Second strophe — The axiom Eliphaz proceeds to lay down (Job 4:8) involves an insinuation of wrong-doing on the part of Job , vv7-11.

The horns of the grand dilemma of the debate now begin to take shape, and for the first time protrude themselves. If Job’s case be a hopeless one, he must be a transgressor, for the testimony of experience everywhere is, that hopeless sufferers are not guiltless.


Verse 7

7. Who… perished, being innocent — Eliphaz strangely overlooks the fact that the first recorded human death was the murder of a good and innocent man. The killing of Abel was premeditated if we may trust the Septuagint, Targums, and other ancient versions. The Septuagint thus begins the sad tale, “And Cain said unto Abel, his brother, Let us go out into the field,” etc.


Verse 8

8. Even as (so far as)… they that plough iniquity — A principle profoundly true, everywhere a matter of observation, and often expressed in a like figure. The error of Eliphaz is, that he perverts it. He makes great suffering an evidence and a measure of personal sin. He intimates that all suffering is the harvest of wrong doing, which was not true, for instance, in the case of Job. He is right when he says that all sin will sooner or later be punished; he is wrong when he reasons that the individual can have no suffering that does not spring from his own sins. Illustrations abound. Thus AEschylus:

Nothing worse,

In whatever cause, than impious fellowship;

Nothing of good is reaped: for when the field

Is sown with wrong, the ripen’d fruit is death. Septem, 602.

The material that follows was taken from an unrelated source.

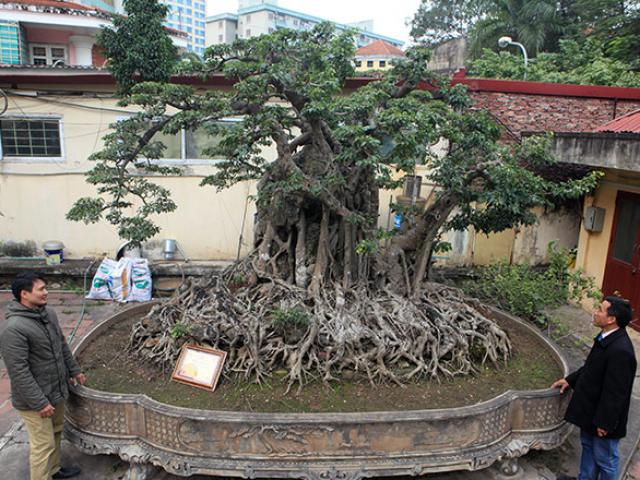 Tin tức trong ngày - Chiêm ngưỡng sanh cổ trồng chậu có bộ rễ "khủng" nhất Việt Nam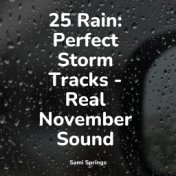 25 Rain: Perfect Storm Tracks - Real November Sound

Cicero cites a Latin proverb, “As you sow you will reap.” — De Orat., 2:94. The Institutes of Manu teach the Hindu that all diseases are the punishment of past offences, and they assign a particular disease to each particular crime. Chap. 11. The teaching of the sacred books of the Chinese would, perhaps, be more readily accepted by Eliphaz: “The good or evil which Heaven sends to men depends upon their virtue.” — Shoo-King, IV, ch. 4. Striking instances might be adduced in illustration of the thought that to the very field where iniquity was perpetrated retribution often comes. The grandson of Ahab is himself slain by treachery in the portion of the field of Naboth the Jezreelite. 2 Kings 9:25-26. Hoffman was the first to remark, that, according to Acts 1:18, Judas must have met his end in the very field he bought with the price of a Saviour’s blood. All sin is seminal. Seed of every kind carries within itself the germ, and as some say the form, of the future growth. Sin is essentially retributive. It embodies the elements of retribution. Change of place and lapse of time do not affect their vitality. “Sin (peccasse) is the first and greatest punishment of those that sin. Nor is any wickedness unpunished: since in wickedness is the punishment of wickedness.” — SENECA, Epist, 97.


Verse 9

9. The blast of God — The breath of God.

The breath of his nostrils — An expression used figuratively for wrath. “In the Mediterranean languages,” says Furst, “anger is conceived of as a snorting, glowing, or smoking of the nose.” Thus אַף (aph) is used both for the nostril and wrath. The lively faith of the sons of the East saw in their fiery winds, destroying life and devastating wide-spread fields of vegetation, the breath or blast of God. Thevenot, an eastern traveller, thus speaks of the effects of the Simoon: “This year, 1665, in the month of July, there died in Bassora, of that wind called Samiel, four thousand people in three weeks’ time.” — Part 2. p. 57. The air we must breathe becomes a medium of divine chastisement. The word epidemic — επι and δημος (upon the people) — takes up and transmits the sentiment of Eliphaz. The great pestilences come down upon the nations; the very winds become the dark wings upon which the dispensations of God are spread abroad over the world. The faith of the Hebrews called such visitations the visitation of God. The poisoned blast was no unloosed courser; no plaything of chance. It was the breath of God. With the breath of his lips shall he slay the wicked. Isaiah 11:4. “As the previous verse describes retribution as a natural necessity founded in the order of the world, so does this verse trace back this same order of the world to the divine causality.” — Schlottmann.


Verse 10

10. The lion — In early times the lion was common in Syria. That some places should have taken their name from the lion, as Lebaoth (lionesses) and Beth Lebaoth, shows how numerous must have been this terrible beast of prey. The exploits of Samson and David will be borne in mind, which were quite paralleled by that of Lysimachus, who, hunting in Syria, single handed killed a large lion, but not until the beast had torn his shoulder to the bone. — Q. Curtius, viii, chap. 1. The lion has been honoured in Oriental languages by a great variety of names. If we may credit Golius, there are more than five hundred appropriated to him in the Arabic. (Lex. under Asamah.) Eliphaz beautifies his address by using no less than five of the seven different names which rabbinical writers have discovered in the Old Testament as belonging to this animal. He mentions first the aryeh, the general name for the lion, “so called from his rending and mangling his prey.” — Gesenius.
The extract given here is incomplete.